Overall, Nvidia expects Q2 FY23 revenue to come in at “$8.1 billion, plus or minus 2%.” The company expects the “strong” sequential growth in the revenue from Data Center and Automotive segments to be more than offset by the sequential decline in Gaming revenue.   

Wall Street’s Take

Recently, Bank of America Securities analyst Vivek Arya named Nvidia and On Semiconductor (ON) as his top semiconductor picks. Arya expects Nvidia, along with Advanced Micro Devices (AMD) and Marvell Technology (MRVL) to gain from the shift to the cloud, while he expects ON, Analog Devices (ADI), and NXP Semiconductors (NXPI) to benefit the most from their exposure to auto electrification.

Arya stated, “Our top picks serve end-markets where we expect spending/content growth drivers to be most resilient, such as in cloud computing/AI, high-end industrial, EV/advanced driver assist systems and in rising chip complexity.”

Arya feels that at the current levels, semiconductor stocks seem compelling on a relative basis compared to industrial and infotech stocks in the S&P 500 (SPX).

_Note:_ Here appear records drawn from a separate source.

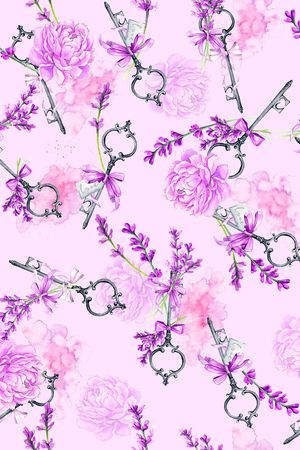 小碎花印花华亿平台图片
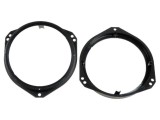 Cadru Difuzor 165mm BMW Nissan Opel Renault Uși Față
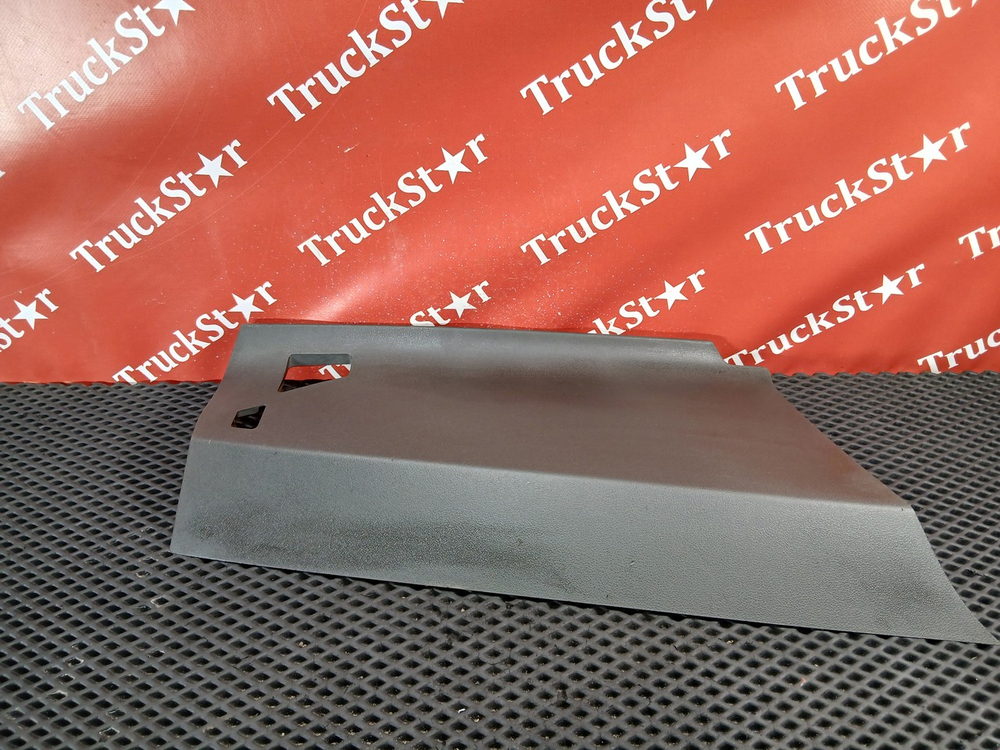 Накладка торпедо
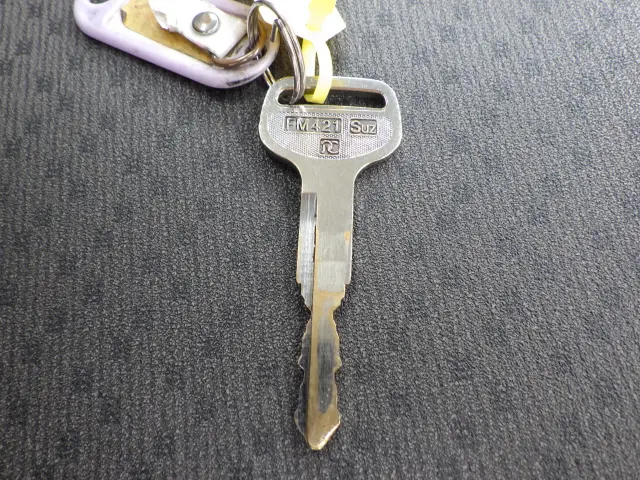 スズキ キャリイ EBD-DA16T(2WD)の写真50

Moreover, he argued that catalysts such as the easing of China lockdowns could “re-energize investor interest back in the sector.”

Overall, Nvidia scores a Strong Buy consensus rating based on 27 Buys and four Holds. The average Nvidia price target of $275.27 implies 73.47% upside potential from current levels.  

Conclusion

Nvidia is expected to face near-term headwinds due to macro challenges, but most Wall Street analysts continue to be optimistic about the company’s growth prospects in the years ahead. This is based on the strong demand in the firm’s key end-markets, including gaming, data centers, automotive, AI applications, and the multiverse.

On the TipRanks Smart Score system, Nvidia earns a 9 out of 10, which implies that the stock is likely to outperform the broader market.

Also, TipRanks Hedge Find Activity tool indicates that the Confidence Signal for Nvidia is Very Positive, with hedge funds increasing their holdings in Nvidia by 1.3 million shares over the last quarter.